The Butts Band came about as a consequence of The Doors trying to find a replacement for Jim Morrison. The remaining Doors were in London in 1973 had auditioned several British singers including Howard Werth (the singer with Audience), Kevin Coyne (from Siren) and Jess Roden (who was the leader of Bronco UK). Howard Werth rehearsed with the band for a week with a view to stepping into Morrison's shoes. Elektra records founder Jac Holzman favoured Werth as he had at one stage foreseen Audience taking over The Doors' spot on Elektra - but Audience had fallen apart and he now saw Howard and The Doors merging as the new Doors. However, Ray Manzarek eventually called it off and went back to Los Angeles, leaving Densmore and Krieger in London. They began looking for a new project, linking up with Roden, Phil Chen and Roy Davies to form the Butts Band.

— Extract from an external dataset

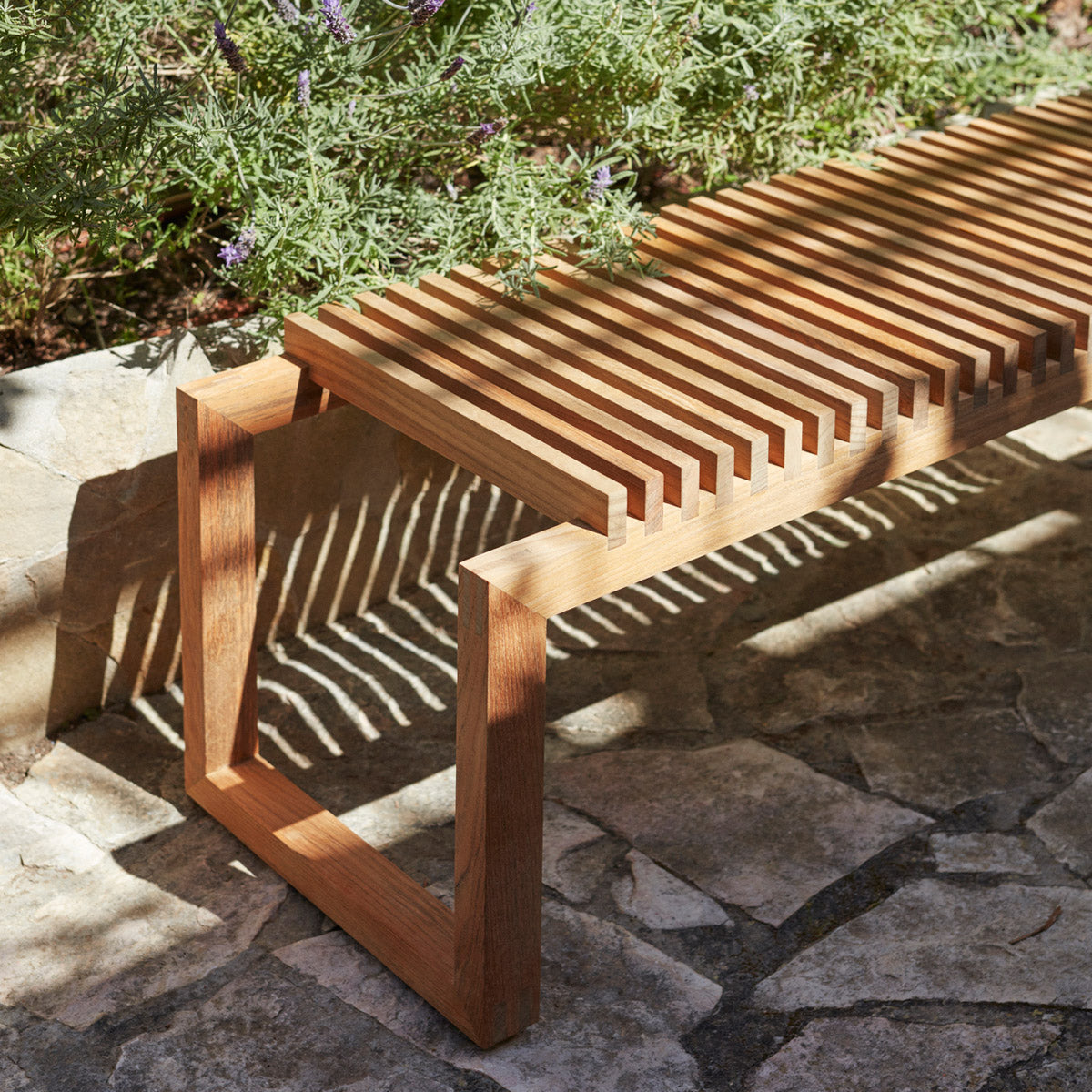 Cutter Outdoor Bench by Skagerak, showing closeup view of cutter outdoor bench in live shot.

In an early interview in Melody Maker or NME Krieger explained the origin of the name: "'Butts Band' equalled a bunch of losers desperate for a gig, hence the tattered speaker on the front cover."
Their debut, the self titled album The Butts Band was released in 1974. After the pressure of two members living in California and 3 in London lead the band to split (following a low key tour and the odd TV appearance), Kreiger and Densmore recruited a second cast of musicians to produce a second album, titled Hear and Now in 1975.